At a Kroger in Lemon Township, Ohio, dad Deshawn Pressley, 27, with his 1-year-old daughter, was having a pleasant conversation with elderly neighbor Pat Goins, 87, just moments before the mugging occurred.
While Goins was in the checkout, a male assailant swiped her purse and took off—not just to her own dismay but also to that of concerned bystanders, who ran after the thief.
Pressley, from the adjacent aisle, saw the suspect, 58-year-old Derek Vaughn, fleeing toward the exit and heard Goins’s cry for help, “He stole my purse!” and was soon hot on the man’s heels.
A much faster runner than Vaughn and the other shoppers, Pressley caught up with him in the parking lot and quickly took him to the ground, pinning him.
An outraged rabble of some 10 or 15 shoppers, Goins said, alongside Pressley, surrounded Vaughn and ensured he wasn’t going anywhere, and even went so far as to make him apologize to Goins.

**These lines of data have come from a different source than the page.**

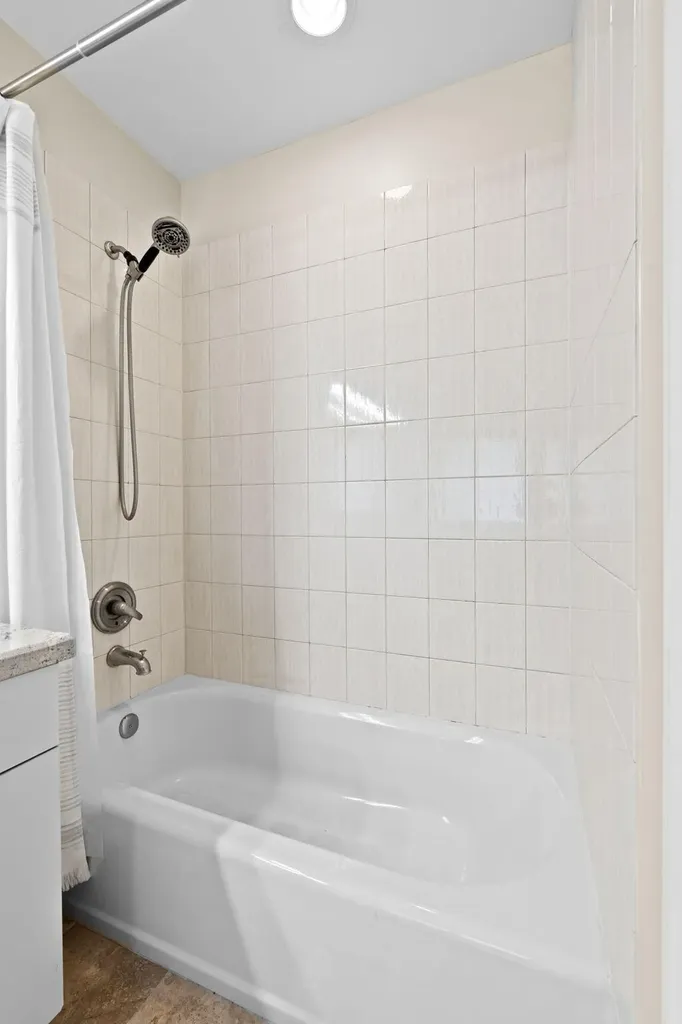 21 Whispering Oaks Circle West Palm Beach FL 33411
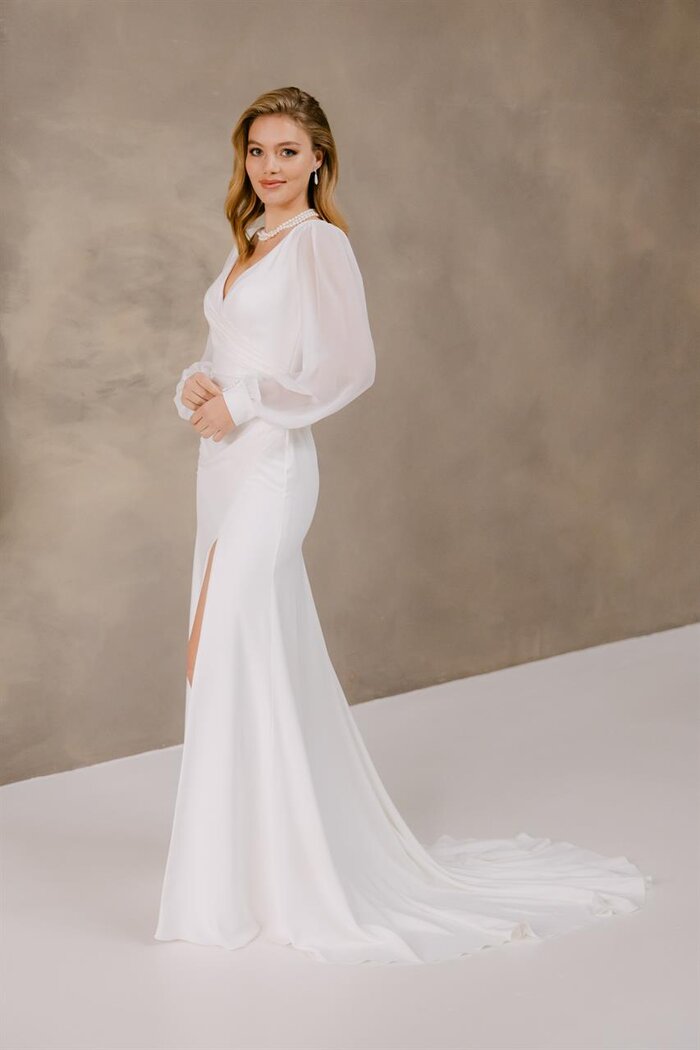 Elegantes Brautkleid „Vanessa“ von Marylise mit tiefem V-Ausschnitt, langen transparenten Ärmeln, Drapierungen und fließender Schleppe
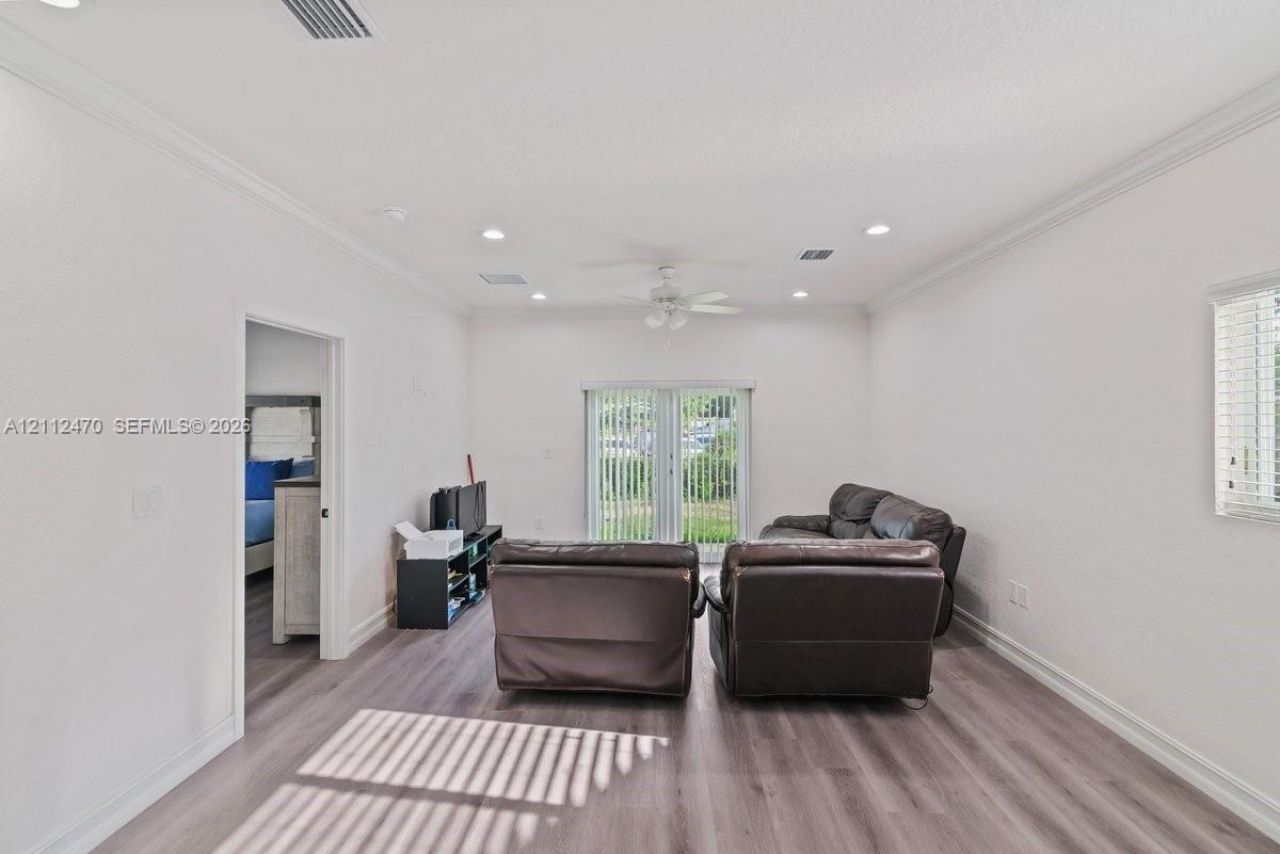 1941 NW 151st St , Miami Gardens, FL 33054 Photo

The Butler County sheriff later said in a statement that the intervention amounted to a citizen’s arrest, and the justice-seeking bystanders put the fright in the suspect—and rightfully so.
“[Vaughn] made a terrible mistake, people in that store started running after him, I call it the equivalent of having the pitchforks out,” said Sheriff Jones. “Listen, you come to this county and you do these kind of atrocities, and you do these lowlife things … [Vaughn] was anxious for the police to get there.
“This isn’t New York City, this isn’t California, this isn’t Chicago. The citizens here are going to take care of it themselves.”
He added that Vaughn was probably looking for cash to fuel a drug habit.
Goins after the incident told Fox News, “I feel that he picked me because I was a senior citizen, he could outrun me.”
Then on Dec. 15, The Butler County Sheriff’s Office recognized Pressley’s valiant act in stopping the suspect; he and Goins partook in a ceremony and Pressley accepted honors from the sheriff.
The young man stated that his grandmother, who raised him after his mother passed away, instilled in him that it’s important to help elderly women.
“I just turned around and did what I had to do as a citizen, and I’m glad I helped [Goins], because she’s a wonderful, lovely lady,” said Pressley. “My grandma took me in, and she did very good by me. She had house rules and stuff like that.
“It was good that she taught me what she taught me, and I’m thankful.”
Pressley and Goins are not only keeping in touch but also planned a dinner date in the not-too-distant future.